Robust low-degree testing
Madhu Sudan (Microsoft Research)
Given a function f:F^m to F for a finite field F and integer d, a low-degree tester is a procedure that randomly samples the value of f on a few (potentially correlated) points and makes decision to accept/reject f based on this local view of f. Ideally the tester should accept polynomials of degree at most d with probability 1, and reject functions that are far (in normalized Hamming distance) from every degree d polynomial with probability growing with the distance, and it should do while keeping the local view small. A robust tester is even more ambitious: It would like the local views to be far from acceptable views (again in normalized Hamming distance) if the function being tested is far from acceptable strings.
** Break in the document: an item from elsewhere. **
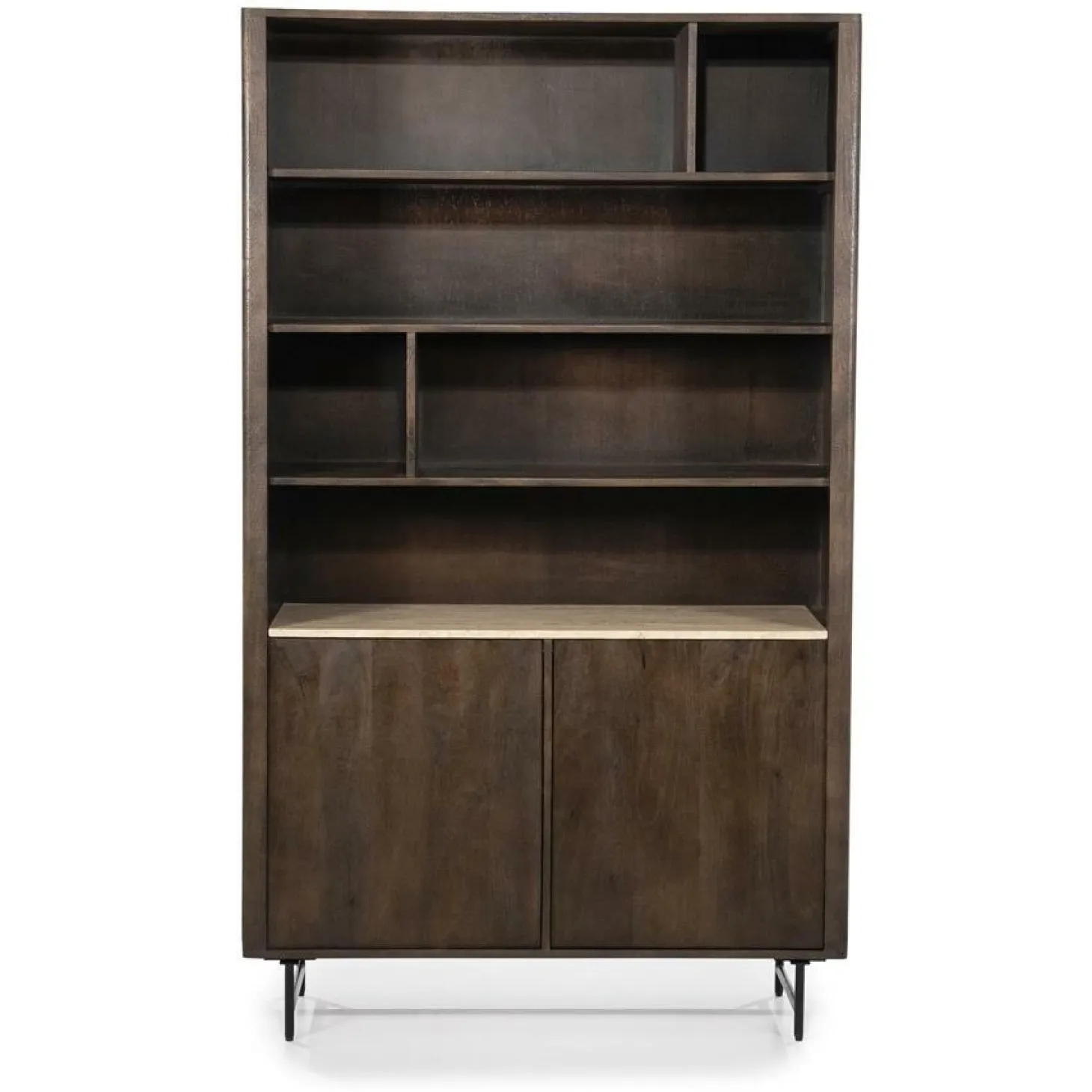 Boekenkast Lio Mangohout Travertin 120x220cm - bruin - Loft24.nl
Theoretical computer science has long been interested in the study of low-degree testing --- good tests and analyses have found applications in the fields of probabilistically checkable proofs, locally testable codes, algebraic pseudorandomness, and most recently in the construction of some extremal small set expanders. In the talk I will briefly introduce the problem, mention some of the connections, and explain some basic lower bounds on the size of the local views that a tester can hope to work with. I will summarize some results that show that how testers come close to the lower limits while being robust. Time permitting I will describe a recent approach to robust analysis of low-degree testing via a very general abstract view that only uses the fact that low-degree polynomials are invariant under affine transformations of the domain (F^m), and that they form linear error-correcting codes of good-distance.
Based on a long sequence of works, including some recent work with Alan Guo (MIT) and Elad Haramaty (Northeastern).